What to do –
From the line containing "他の地域のカントリー風おしゃれな玄関 (白い壁、セラミックタイルの床、ベージュの床) の写真" to the line containing "Natapohn Tameeruks with" in the entries below, reproduce every line exactly, ends included. Nothing else belongs in the copy, and no pictures.

Data for the task –
-=-=-
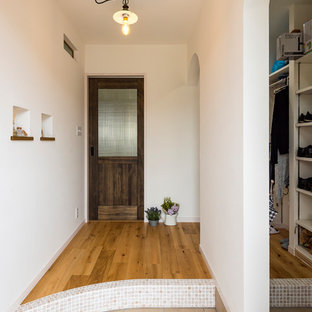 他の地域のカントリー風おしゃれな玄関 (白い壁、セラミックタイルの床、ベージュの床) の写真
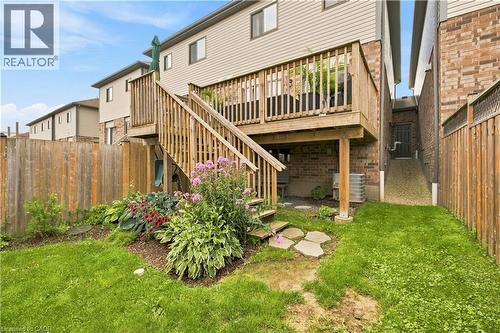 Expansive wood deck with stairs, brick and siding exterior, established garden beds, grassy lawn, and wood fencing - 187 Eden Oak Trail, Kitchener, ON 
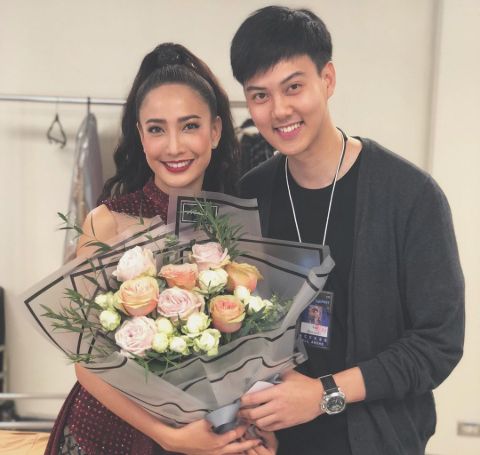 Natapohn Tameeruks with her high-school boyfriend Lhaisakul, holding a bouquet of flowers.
-=-=-
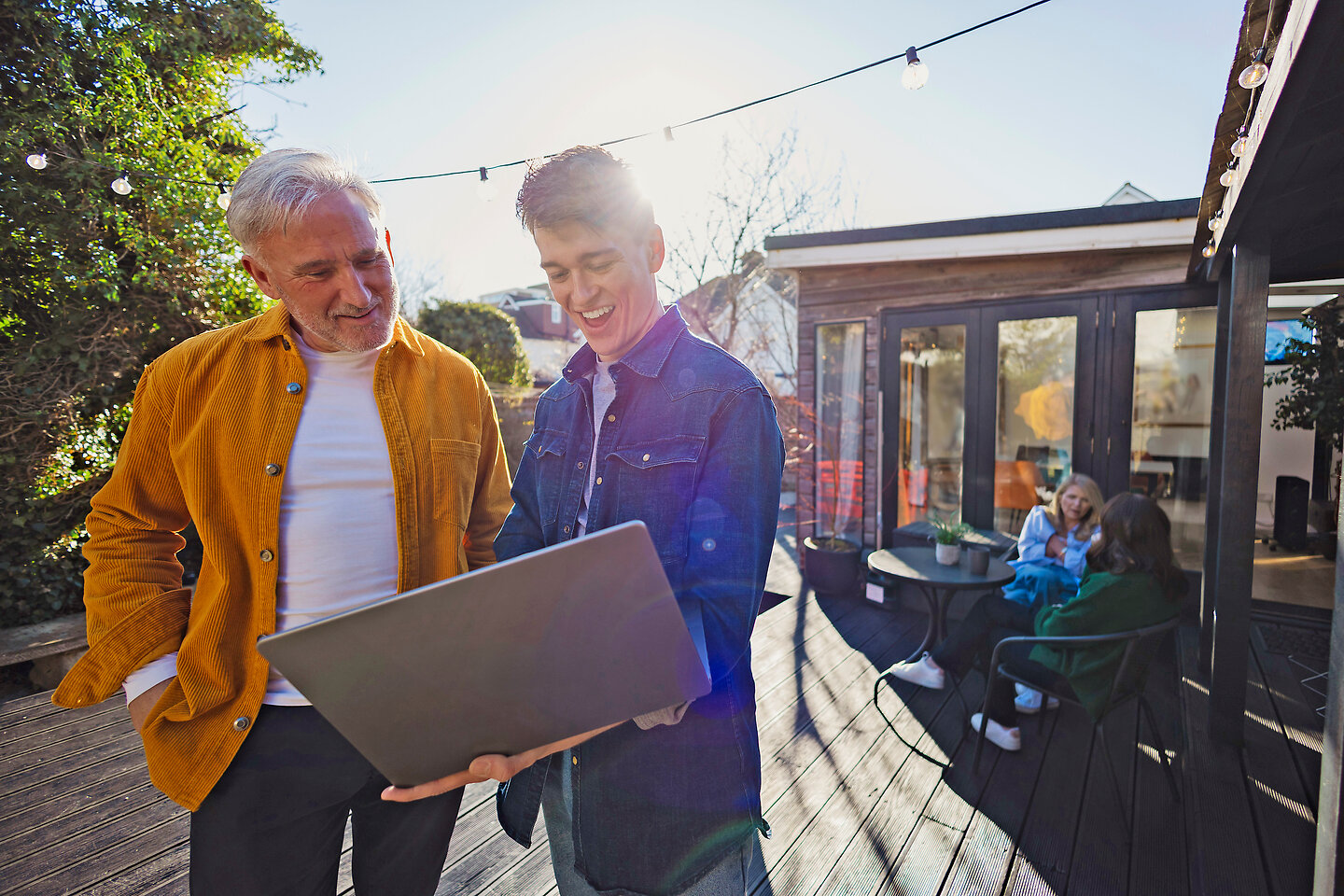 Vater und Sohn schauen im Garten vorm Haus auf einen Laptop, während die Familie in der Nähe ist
-=-=-
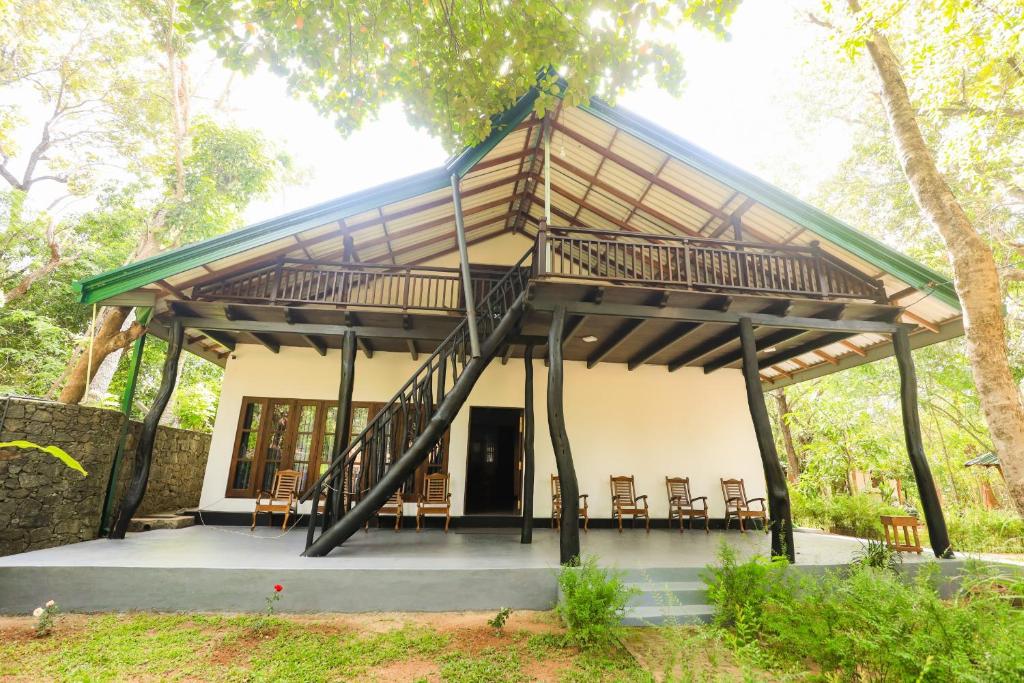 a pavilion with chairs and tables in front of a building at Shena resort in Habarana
-=-=-
Reply to the task –
 他の地域のカントリー風おしゃれな玄関 (白い壁、セラミックタイルの床、ベージュの床) の写真
 Expansive wood deck with stairs, brick and siding exterior, established garden beds, grassy lawn, and wood fencing - 187 Eden Oak Trail, Kitchener, ON 
 Natapohn Tameeruks with her high-school boyfriend Lhaisakul, holding a bouquet of flowers.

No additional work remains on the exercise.